War, it ain’t nothing but a heartbreaker
War, friend only to the undertaker
Peace, love and understanding
Tell me, is there no place for them today
They say we must fight to keep our freedom
But Lord knows there’s got to be a better way

Ooooooh, war, huh
Good God y’all
What is it good for
You tell me
Say it, say it, say it, say it

War, huh
Good God y’all
What is it good for
Stand up and shout it
Nothing

I have a simple thesis which is echoed by our valiant troops. Exhaust other means to address a problem before we commit our young men and women to die. If we commit our troops, make sure we know what the end game looks like along with a strategy that is flexible to meet the changing demands. And, we need to make sure we equip our troops to the fight that is needed. Finally, let’s spend as much money as needed to help our troops when they return, both mentally and physically.

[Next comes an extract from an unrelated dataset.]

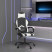 Fotel Gamingowy z Ekoskóry Obrotowy Ergonomiczny Czarno-Biały do Biurka, 9444418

War is an ugly thing. I am not a fan of chest beaters with no answers to complicated problems. I am also not keen on people creating bigger problems than they are to win elections. If we must fight, let’s do it for the right reasons where we can make a difference. We seem to fail to learn this lesson. Here is a simple question for any chest beater – what do you propose to do and how can you guarantee that will be successful and not cause other problems?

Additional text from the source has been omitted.